In our last piece, we attempted to turn a relatively static view into a longitudinal study by following centiles of incomes (well, again, resources) over time, as if there was a perfect median or 90th percentile worker. That sort of analysis shows how an "average career" works out over time, as age is associated with experience and better qualification in some specialization.
These two articles keep the experience factor, but keep the economic conditions constant. By looking at age versus individual years, you can roughly guess how experience was affected by economic conditions in each year - if younger folks are hurt it might mean a completely different thing than middle aged folks or older folks.
Female Total Incomes By Age, For Selected Years - How Has Female Income Changed Since the Great Recession?
First up, we'll take the median female worker (as we define it, worked at least 1 week and one hour per week in the year asked about in the survey.) Remember, as from the last post, the year listed is the survey year, so the observation year would be one earlier than that (i.e. March 2014 survey would be 2013 annual data).
Anyway, this is a chart of various income curves culminating with the 2014 ASEC survey (2013 annual data):
And next is the 90th percentile female earner:
Sources
Miriam King, Steven Ruggles, J. Trent Alexander, Sarah Flood, Katie Genadek, Matthew B. Schroeder, Brandon Trampe, and Rebecca Vick. Integrated Public Use Microdata Series, Current Population Survey: Version 3.0. [Machine-readable database]. Minneapolis: University of Minnesota, 2010.

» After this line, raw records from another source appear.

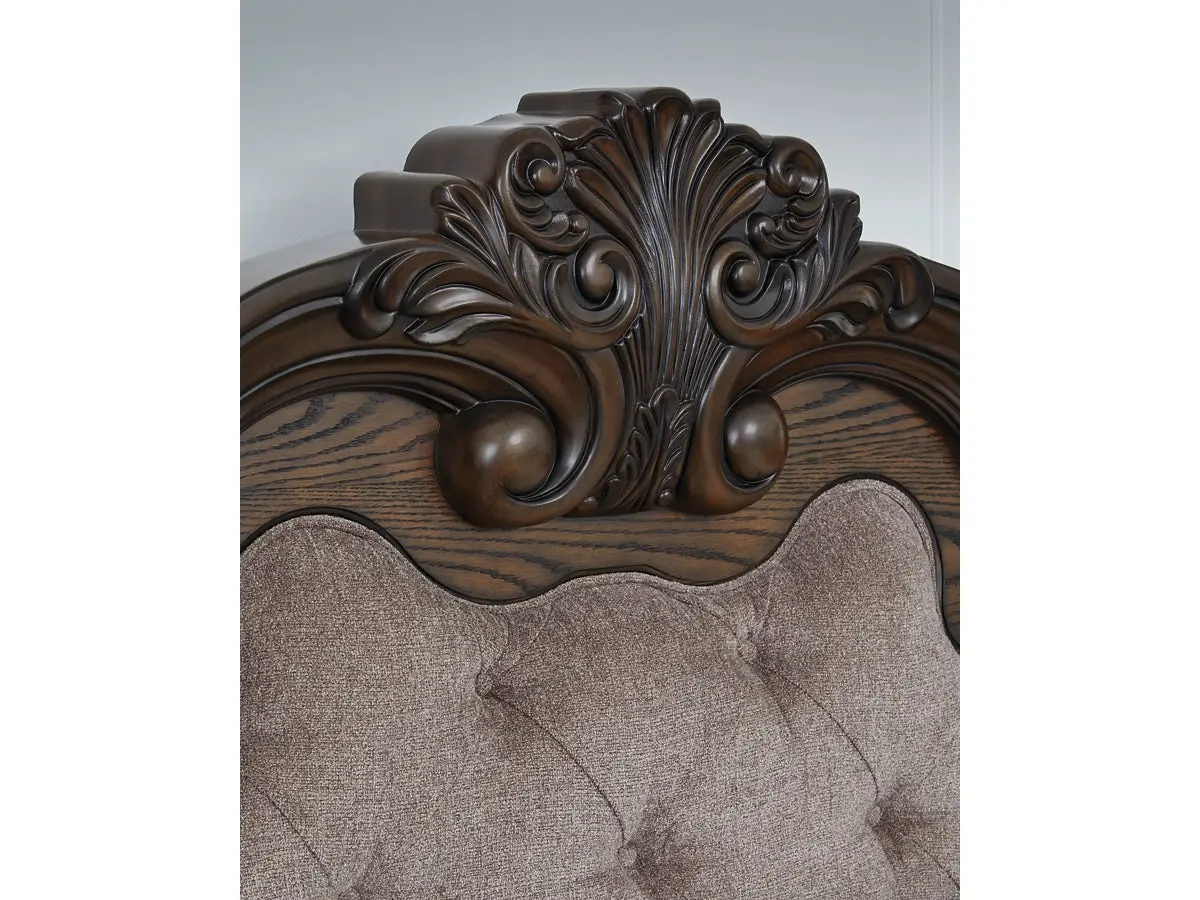 Maylee Upholstered Panel Bed & Dresser & Mirror & Nightstand - Image 12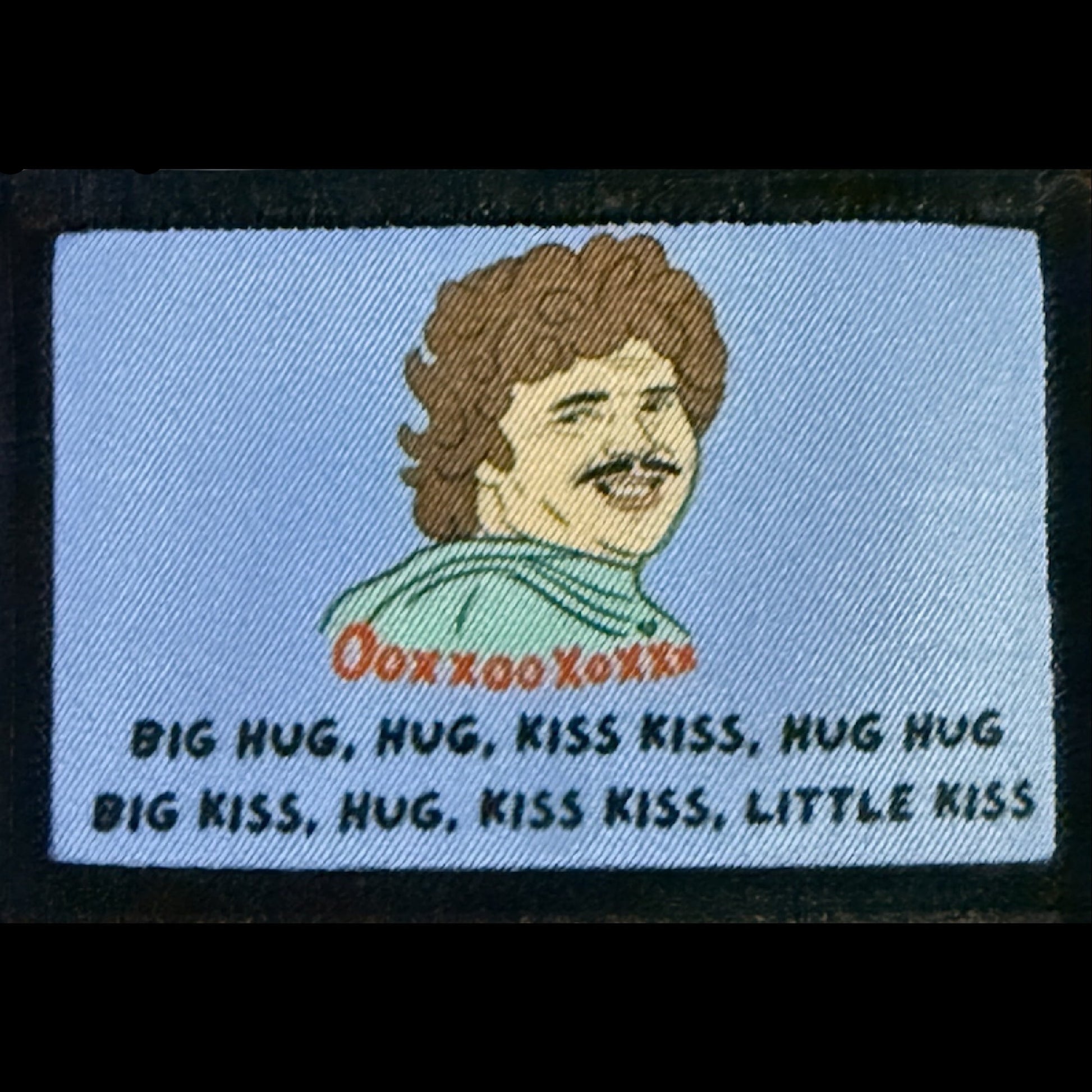 Nacho Libre Big Hug, hug, kiss, kiss morale patch
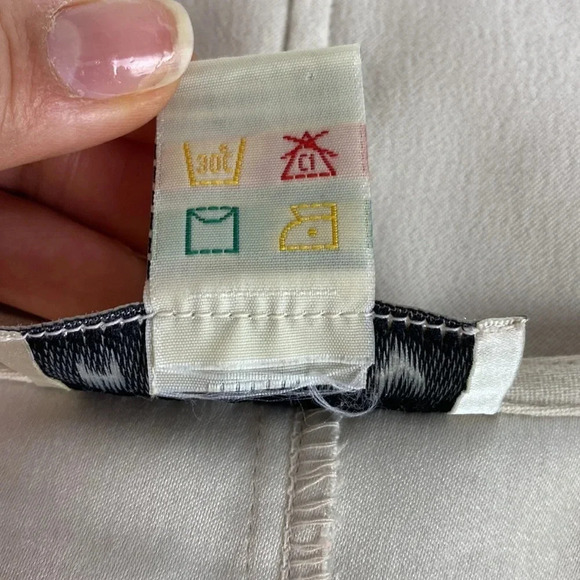 Cream beige solid clean girl v neck old money aesthetic bodycon midi dress sz 8 - Picture 4 of 12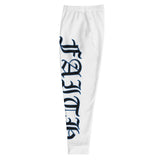 Blue Faith Joggers White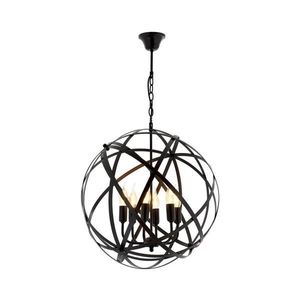 Lustr na řetězu IRONBALL 6xE27/40W/230V černá 683AVN1394 obraz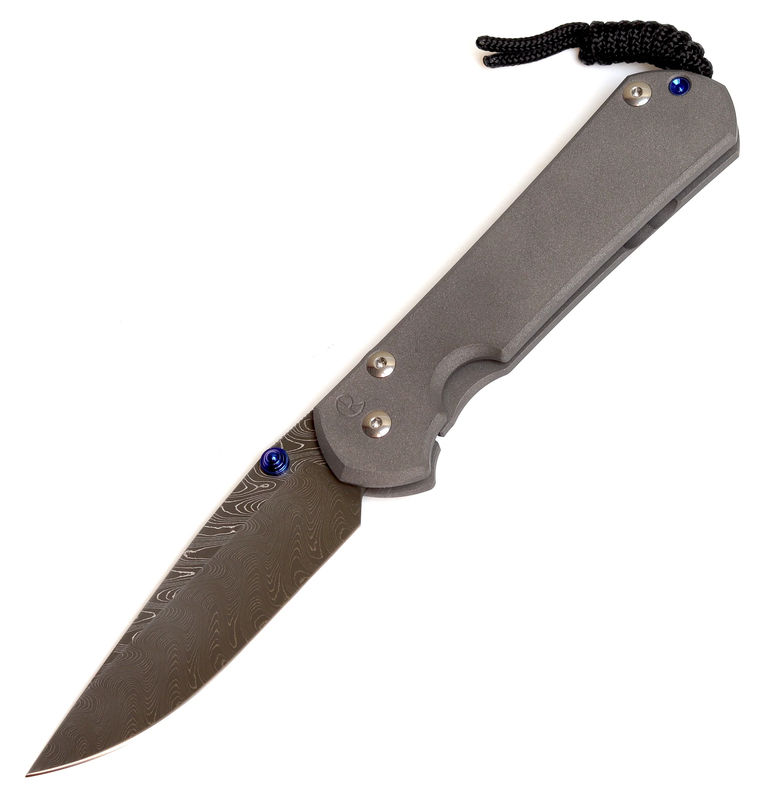 Chris Reeve Knives Large Sebenza 31 Plain Boomerang Damascus Drop Point Knife
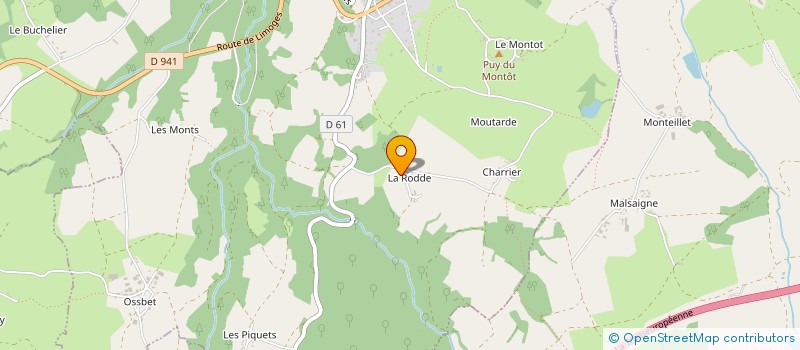 localisation de l'entreprise MONSIEUR KEVIN BOUSSUGE  PULVERIERES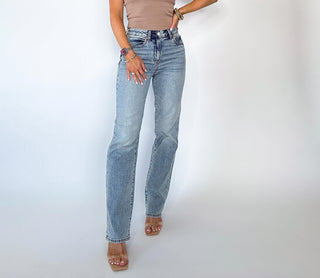 Sundaze High Rise Vintage Straight Jeans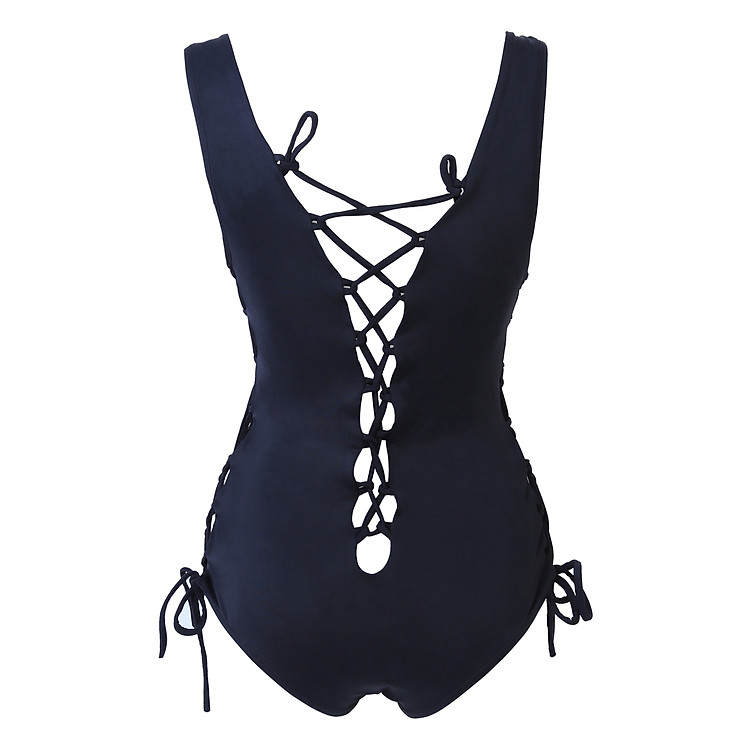 Bikini 1 Mảnh Monica BS 1004 Đan Dây Trước - Freesize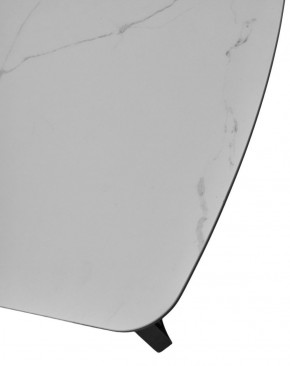 Стол RASMUS 160 TL-45 Белый мрамор, испанская керамика / черный каркас, ®DISAUR в Губкинском - gubkinskiy.ok-mebel.com | фото 6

Larrimore, Jeff, Richard V. Burkhauser, Shuaizhang Feng, and Laura Zayatz. “Consistent Cell Means for Topcoded Incomes in the Public Use March CPS (1976-2007)”. Journal of Economic and Social Measurement 33(2/3): 89-128
Census Bureau revised income topcode files, accessed 5/13/2015.
Methodology
Same as in our article about the career income curve for 25 year olds starting in different years.
Conclusion
Pretty fascinating drilldown - post transfers, credits, entitlements, benefits, and taxes, female incomes in 2013 were very strong compared to other years. For our 90th percentile worker, most ages were at or near their all time inflation adjusted maximum. For our median female worker, she seems to have lost some ground since the Great Recession - but, to foreshadow what's coming in the next article in the series - she seems to have recovered a lot of her income (ahem, or total resources) across the experience range.
In a metric we just made up which couldn't be emulated in the real world, you can visually see that recent years haven't punished females at the median income too severely. Note that these numbers would represent 'having an entire career as a median earning female in the selected year'. Or, you know, the year minus one, as the survey asks about the previous year:
Year | Total Career Resources |
1992 | $1,217,587.81 |
1996 | $1,255,252.14 |
2000 | $1,311,108.13 |
2004 | $1,411,407.44 |
2008 | $1,446,348.22 |
2012 | $1,443,157.64 |
2014 | $1,431,655.15 |
Late career seems to have given up the most ground, for what it's worth - and it will be interesting to watch this measure shake out over the next few years. All that said, let's hear your thoughts - has the recession punished experienced women more than younger women? Why are the highest earning women performing so much better than even pre-recession? Anything else stick out to you?